START Records supplied

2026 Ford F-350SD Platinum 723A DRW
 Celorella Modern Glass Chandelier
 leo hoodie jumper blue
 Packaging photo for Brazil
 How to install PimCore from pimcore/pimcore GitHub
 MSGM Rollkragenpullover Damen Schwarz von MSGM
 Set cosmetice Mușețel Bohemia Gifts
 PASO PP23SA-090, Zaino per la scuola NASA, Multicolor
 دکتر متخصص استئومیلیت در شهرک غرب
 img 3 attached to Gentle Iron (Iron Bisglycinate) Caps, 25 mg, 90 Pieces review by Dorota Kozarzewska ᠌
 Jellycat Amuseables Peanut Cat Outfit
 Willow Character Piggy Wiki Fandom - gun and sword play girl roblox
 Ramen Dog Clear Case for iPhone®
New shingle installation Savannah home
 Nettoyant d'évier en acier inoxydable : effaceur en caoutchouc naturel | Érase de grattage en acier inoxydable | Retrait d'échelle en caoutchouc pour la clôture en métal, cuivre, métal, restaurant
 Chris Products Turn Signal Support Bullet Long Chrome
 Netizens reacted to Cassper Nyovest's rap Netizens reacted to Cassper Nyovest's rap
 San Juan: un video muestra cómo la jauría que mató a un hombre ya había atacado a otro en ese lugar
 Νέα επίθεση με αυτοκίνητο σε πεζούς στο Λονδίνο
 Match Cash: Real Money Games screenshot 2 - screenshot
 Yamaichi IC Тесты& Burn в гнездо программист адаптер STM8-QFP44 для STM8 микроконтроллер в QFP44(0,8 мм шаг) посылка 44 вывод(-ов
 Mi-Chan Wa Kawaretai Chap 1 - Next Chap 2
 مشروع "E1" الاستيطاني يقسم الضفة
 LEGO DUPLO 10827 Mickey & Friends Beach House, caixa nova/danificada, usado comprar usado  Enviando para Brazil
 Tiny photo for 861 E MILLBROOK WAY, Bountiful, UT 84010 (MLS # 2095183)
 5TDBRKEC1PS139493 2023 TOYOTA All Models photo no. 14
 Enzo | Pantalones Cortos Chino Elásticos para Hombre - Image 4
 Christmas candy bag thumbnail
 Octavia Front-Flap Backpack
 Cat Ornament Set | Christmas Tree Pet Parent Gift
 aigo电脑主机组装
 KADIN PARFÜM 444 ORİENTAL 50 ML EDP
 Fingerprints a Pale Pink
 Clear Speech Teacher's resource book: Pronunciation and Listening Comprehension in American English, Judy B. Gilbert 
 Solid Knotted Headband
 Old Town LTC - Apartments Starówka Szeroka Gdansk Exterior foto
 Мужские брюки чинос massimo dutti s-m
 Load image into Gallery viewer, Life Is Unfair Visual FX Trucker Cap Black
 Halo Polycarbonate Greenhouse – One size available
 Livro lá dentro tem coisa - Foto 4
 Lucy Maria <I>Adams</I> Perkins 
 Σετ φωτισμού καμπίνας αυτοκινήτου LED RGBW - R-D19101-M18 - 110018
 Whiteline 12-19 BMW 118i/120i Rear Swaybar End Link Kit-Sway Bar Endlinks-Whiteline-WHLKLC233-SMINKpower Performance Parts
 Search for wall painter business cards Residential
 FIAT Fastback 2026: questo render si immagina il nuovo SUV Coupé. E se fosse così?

END Records supplied

From the line that has "How to install" through the line that has "Σετ φωτισμού καμπίνας", copy every line exactly as it appears above, and leave out all others.

 How to install PimCore from pimcore/pimcore GitHub
 MSGM Rollkragenpullover Damen Schwarz von MSGM
 Set cosmetice Mușețel Bohemia Gifts
 PASO PP23SA-090, Zaino per la scuola NASA, Multicolor
 دکتر متخصص استئومیلیت در شهرک غرب
 img 3 attached to Gentle Iron (Iron Bisglycinate) Caps, 25 mg, 90 Pieces review by Dorota Kozarzewska ᠌
 Jellycat Amuseables Peanut Cat Outfit
 Willow Character Piggy Wiki Fandom - gun and sword play girl roblox
 Ramen Dog Clear Case for iPhone®
New shingle installation Savannah home
 Nettoyant d'évier en acier inoxydable : effaceur en caoutchouc naturel | Érase de grattage en acier inoxydable | Retrait d'échelle en caoutchouc pour la clôture en métal, cuivre, métal, restaurant
 Chris Products Turn Signal Support Bullet Long Chrome
 Netizens reacted to Cassper Nyovest's rap Netizens reacted to Cassper Nyovest's rap
 San Juan: un video muestra cómo la jauría que mató a un hombre ya había atacado a otro en ese lugar
 Νέα επίθεση με αυτοκίνητο σε πεζούς στο Λονδίνο
 Match Cash: Real Money Games screenshot 2 - screenshot
 Yamaichi IC Тесты& Burn в гнездо программист адаптер STM8-QFP44 для STM8 микроконтроллер в QFP44(0,8 мм шаг) посылка 44 вывод(-ов
 Mi-Chan Wa Kawaretai Chap 1 - Next Chap 2
 مشروع "E1" الاستيطاني يقسم الضفة
 LEGO DUPLO 10827 Mickey & Friends Beach House, caixa nova/danificada, usado comprar usado  Enviando para Brazil
 Tiny photo for 861 E MILLBROOK WAY, Bountiful, UT 84010 (MLS # 2095183)
 5TDBRKEC1PS139493 2023 TOYOTA All Models photo no. 14
 Enzo | Pantalones Cortos Chino Elásticos para Hombre - Image 4
 Christmas candy bag thumbnail
 Octavia Front-Flap Backpack
 Cat Ornament Set | Christmas Tree Pet Parent Gift
 aigo电脑主机组装
 KADIN PARFÜM 444 ORİENTAL 50 ML EDP
 Fingerprints a Pale Pink
 Clear Speech Teacher's resource book: Pronunciation and Listening Comprehension in American English, Judy B. Gilbert 
 Solid Knotted Headband
 Old Town LTC - Apartments Starówka Szeroka Gdansk Exterior foto
 Мужские брюки чинос massimo dutti s-m
 Load image into Gallery viewer, Life Is Unfair Visual FX Trucker Cap Black
 Halo Polycarbonate Greenhouse – One size available
 Livro lá dentro tem coisa - Foto 4
 Lucy Maria <I>Adams</I> Perkins 
 Σετ φωτισμού καμπίνας αυτοκινήτου LED RGBW - R-D19101-M18 - 110018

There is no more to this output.